HomePhilosophia: International Journal of Philosophyvol. 40 no. 2 (2011)

Ifá and the Development Crisis in Africa: A Hemeneuticophilosophical Study

Omotade Adegbindin

Discipline: Philosophy, Cultural Studies

 

Abstract:

Today there exists the colonial story that the institutional framework within which the African leaders and other elites in power were attempting to solve the problems of development in Africa was European in origin and, therefore, could not douse the enormity of the crisis of development. As part of the colonial story, some people have also blamed the crisis of development in Africa on slavery and colonialism which, in their view, had serious damaging effects on indigenous structures of economic, social, and political organizations. There is also in contemporary Africa a resurgence of the view that African culture has been a stumbling block to development. Those who subscribe to this view are of the opinion that Africans refuse to adopt a rational approach to economic and sociopolitical organization which, to say the least, is in consonance with a complete lack of critical stance in respect of local values.

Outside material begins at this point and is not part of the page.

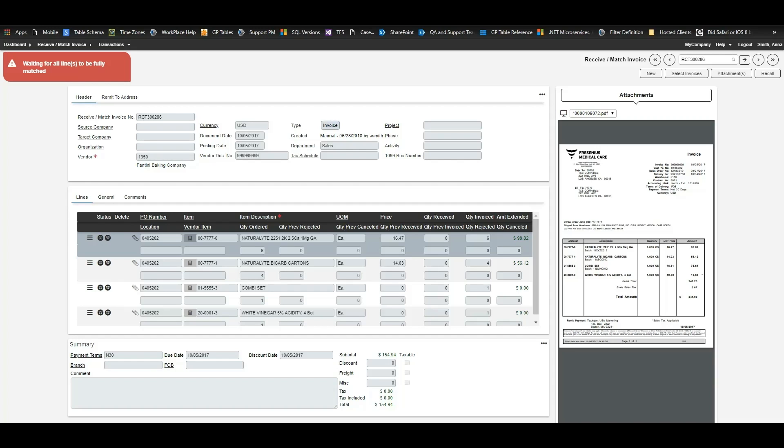We do also have the option for approval rules on those completed invoices as well. Now invoices are entered and approved quicker, so payments won't be missed and supplier discounts can really be taken advantage of, and this whole process allows your accounting and finance teams to focus on their higher value projects.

This paper jettisons the cultural dimensions of development, stressing the indispensability of a people’s culture in any conceivable development process. It looks beyond the colonial story and predicates the crisis of development in Africa on the complicity of African leaders (the State) and lack of consensual value commitment on the part of the citizens. It shows how Ifá as a complete philosophy has the prospect of harmonizing the state and the citizen towards the realization of genuine and meaningful development in Africa.